Adi (Gast) - 22. Aug, 01:19

Der falsch vermessene Mensch

Hi mo,

die Behauptung von Roth "Schwerverbrecher und Mörder haben alle schwerste Hirnschäden im Stirnbereich, das belegen Untersuchungen." steht für mich seltsam luftleer im Raum. In diesem Bezug mußte ich an alles denken, was Stephen Jay Gould in seinem Buch "Der falsch vermessene Mensch" anführt.

Das Problem liegt m.E. weniger in der Tatsache, daß möglicherweise Schädigungen vorhanden sind (die gleichwohl auch Folge einer gewalttätigen Familie und Umgebung geschuldet sein können und sich möglicherweise in nichts von den Schädigungen unterscheiden, die Berufsboxer erleiden, ohne kriminell zu werden), sondern in dem Versuch, diese Schädigungen als Kategorisierungsmerkmal zu verwenden.

Das führt, ob gewollt oder nicht zur Vorverurteilung und Einordnung von Menschen in das gesellschaftliche Wertesystem - sprich ab wann ist das Leben für die Gesellschaft nichts mehr wert und wieviel Rechte werden jedem gemäß seiner wissenschaftlich gemessenen Kategorie zugestanden.

Man danke nur an Binet und den Mißbrauch seines Test als Intelligenztest - wo Binet ausdrücklich davon sprach, daß damit eben nicht die Intelligenz gemessen wird und Regeln aufstellte, die mit dem Intelligenztest nach Yerkes völlig beiseite gewischt wurden. Sowie die dann erfolgte soziale Kategorisierung von Menschen nach dem "gemessenen" IQ.

Hier sehe ich ein weites Feld von Mißbrauchspotential und jedem der sich damit näher auseinandersetzt sei die intensive Lektüre von Goulds Buch ans Herzen gelegt ...

Liebe Grüße

Adi

monoma - 22. Aug, 11:26

hi adi,

"...steht für mich seltsam luftleer im Raum."

hm. finde ich nicht so deutlich. etwas anderes ist die frage, ob die aussage in der form überhaupt so haltbar ist, und nicht zu verkürzt. dazu werd ich noch mal recherchieren.

"Das führt, ob gewollt oder nicht zur Vorverurteilung und Einordnung von Menschen in das gesellschaftliche Wertesystem - sprich ab wann ist das Leben für die Gesellschaft nichts mehr wert und wieviel Rechte werden jedem gemäß seiner wissenschaftlich gemessenen Kategorie zugestanden."

ja. genau deshalb habe ich aber auch hinsichtlich seiner entsprechenden bemerkungen deutliche einschränkungen gemacht, sowohl was früherkennung und prophylaxe angeht, als auch eventuell nötige eingriffe in familien.

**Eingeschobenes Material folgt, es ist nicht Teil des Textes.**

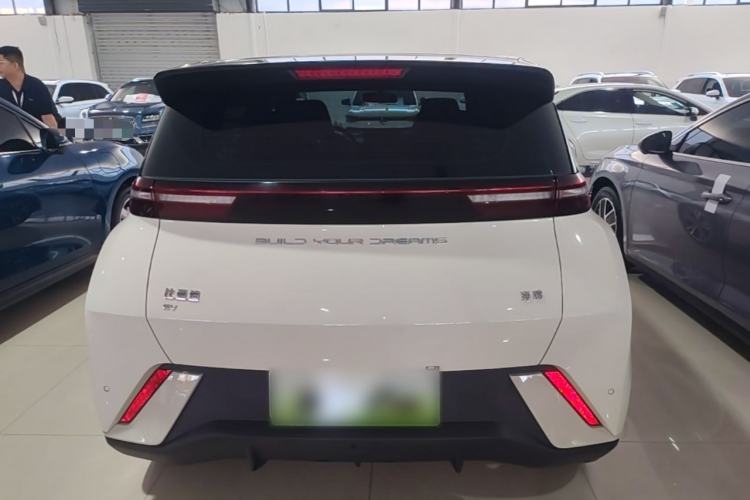 BYD Seagull 2024 — 5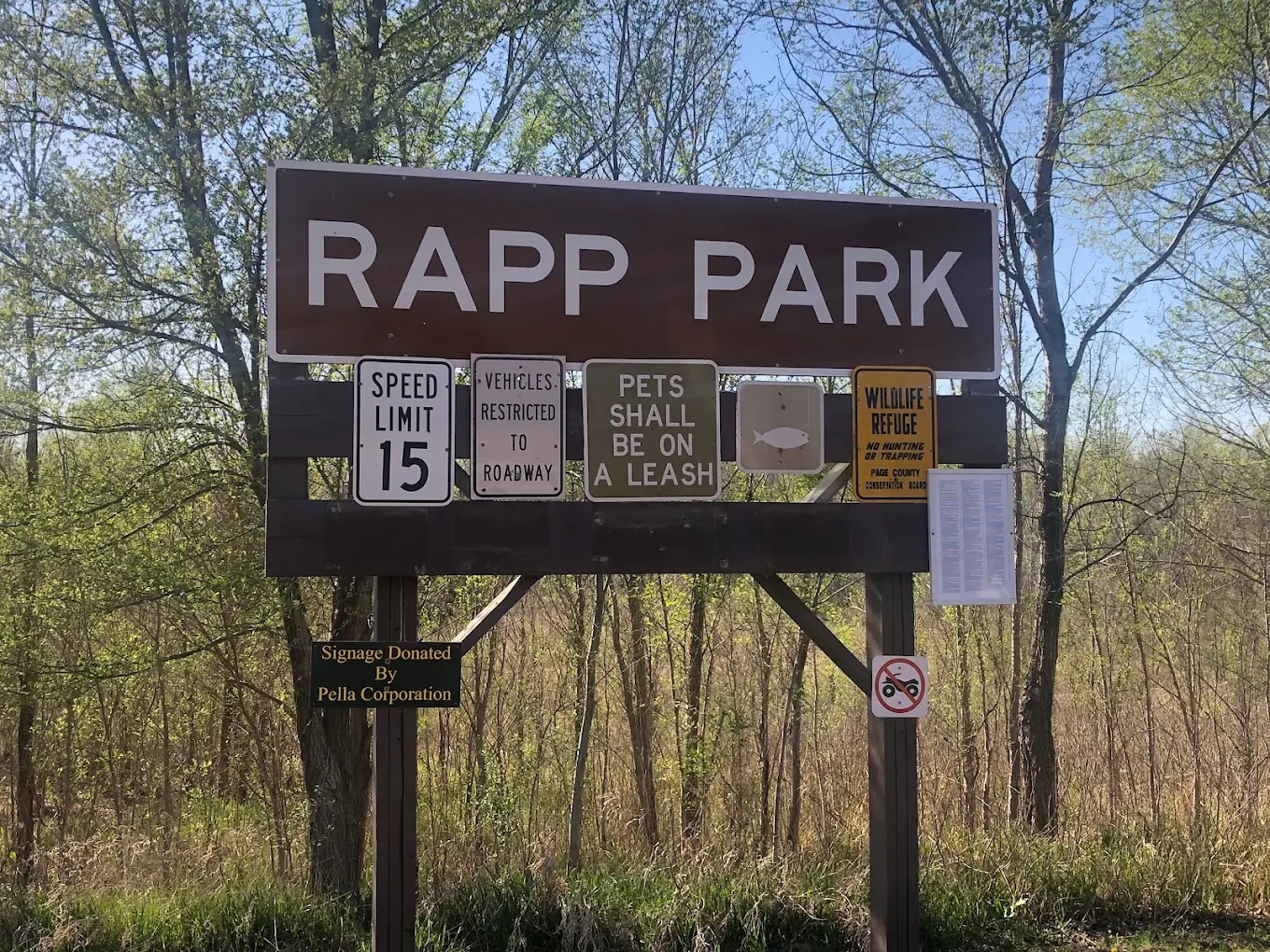 Rapp Park & Recreation Area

das problem, wenn real antisoziale (und das sind meistens die in "amt & würden") anfangen, mittels verkürzter definitionen und modelle nach der von ihnen so bezeichneten antisozialität zu fahnden, wird uns zukünftig noch schwer beschäftigen, fürchte ich. aber da führt kein weg drumherum. ich möchte einfach nochmal drauf hinweisen, dass sowohl frankreich als auch england entsprechende weitreichende pläne zum scanning nach antisozialen tendenzen bei kindern entweder schon sehr weit vorangetrieben haben oder aber imo schon umsetzen - siehe auch hier.

grüße
mo
Adi (Gast) - 22. Aug, 15:19

Seltsam luftleere Tendenzen

Hi mo,

das seltsam bezog sich auf die Ähnlichkeit der Argumentation zu der eines Lombroso ("Es ist bewiesen, daß die Schädelkapazität bei den Verbrechern überhaupt geringer ist, besonders bei den Dieben, weniger bei den Mördern ...") oder eines Lewis Terman ("Solche Tests haben absolut zweifelsfrei nachgewiesen, daß das wichtigste Merkmal von mindestens 25 % unserer Verbrecher Geistesschwäche ist") oder eines Yerkes ("Die Ergebnisse der Armeeüberprüfungen von Prostituierten bestätigen die bei zivilen Überprüfungen Prostituierter bereits getroffene Feststellung, daß zwischen 30 und 60% der Prostituierten geistesschwach und zum größten Teil hochgradig debil sind ...") oder oder oder ...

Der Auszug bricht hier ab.